Stored entries:
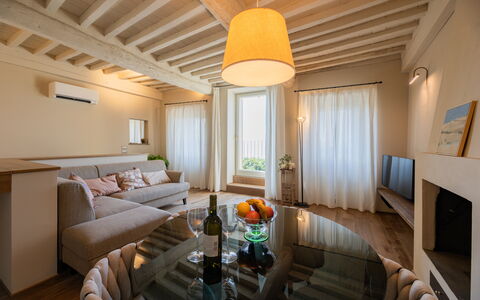 Casa Novecento: Tafel, Meubilair, Eigendom, Bankstel, Comfort, Interieur Ontwerp, Hout, Fotolijst, Woonkamer, Architectuur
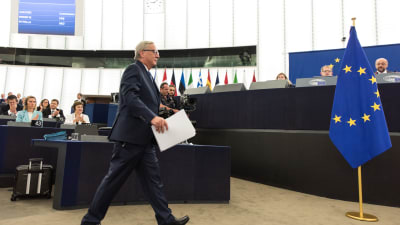EU-kommissionens ordförande Jean-Claude Juncker på väg till talarstolen i EU-parlamentet i Strasbourg.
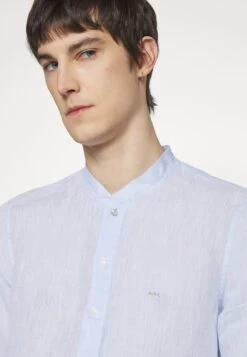 Michael Kors Popover Slim Shirt - Shirt - Light Blue -Fashion Clothing-Michael Kors 703c7e58f56e4d1182650a25cd0042b9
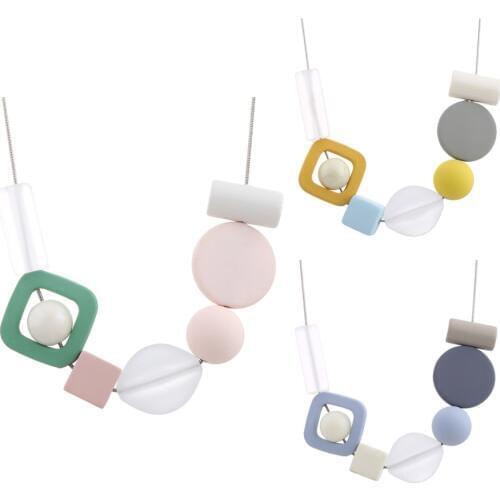 Acrylic Beads Statement Necklace Womens Multicolor Wood Necklaces Geometric Heart Pendants for Women Fashion Jewelry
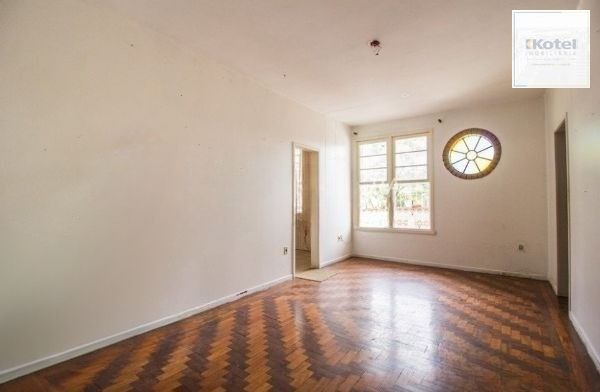 Apartamento de 3 dormitórios no bairro Santana DESOCUPADO — foto 2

▸ **WORK REQUEST**:
Copy the entries above exactly from the line with "Michael Kors Popover" down to their last line, both ends included. Do not copy any pictures.

▸ **EXERCISE SOLUTION**:
 Michael Kors Popover Slim Shirt - Shirt - Light Blue -Fashion Clothing-Michael Kors 703c7e58f56e4d1182650a25cd0042b9
 Acrylic Beads Statement Necklace Womens Multicolor Wood Necklaces Geometric Heart Pendants for Women Fashion Jewelry
 Apartamento de 3 dormitórios no bairro Santana DESOCUPADO — foto 2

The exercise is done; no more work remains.